Starting at the first line and ending at the one with "999 Four Point Rd, Dulac, LA 70353", give the lines of the listing again exactly, and nothing else; skip the pictures.
DATA PROVIDED below:
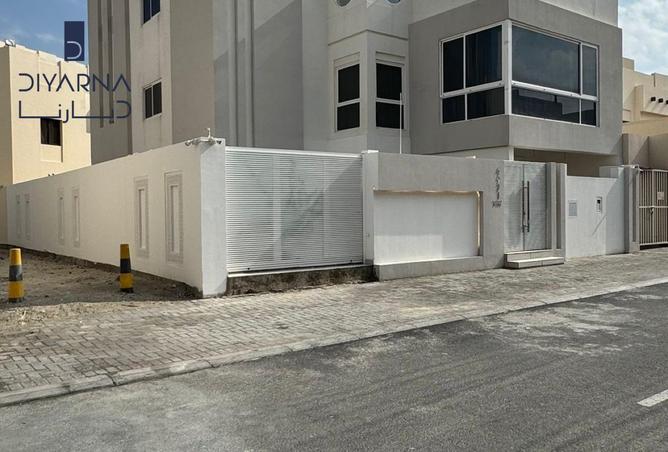 982292 - Property Image 2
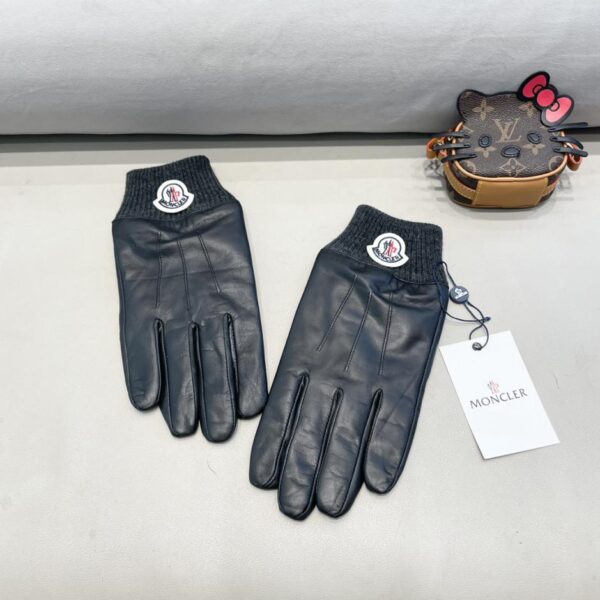 repliche,replica,perfette,siti di,affidabili,migliori siti,dove comprare,1:1,scarpe da ginnastica Moncler nuovi guanti da uomo in montone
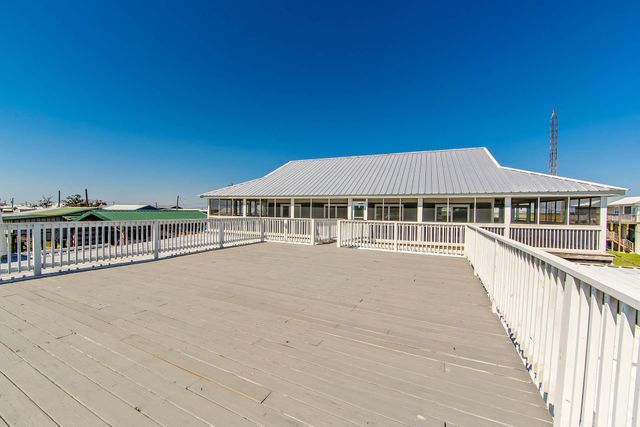 999 Four Point Rd, Dulac, LA 70353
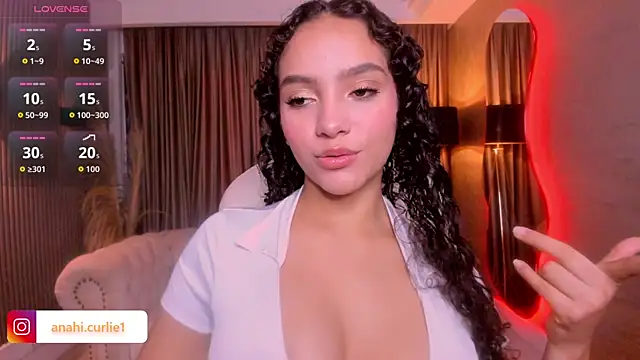 Snapshot of anahi_curlie1 chatting on 19, 6, 2026 anahi curlie1 online show from 19, 6, 2026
End of DATA PROVIDED.
**OUTPUT OF THE TASK**
 982292 - Property Image 2
 repliche,replica,perfette,siti di,affidabili,migliori siti,dove comprare,1:1,scarpe da ginnastica Moncler nuovi guanti da uomo in montone
 999 Four Point Rd, Dulac, LA 70353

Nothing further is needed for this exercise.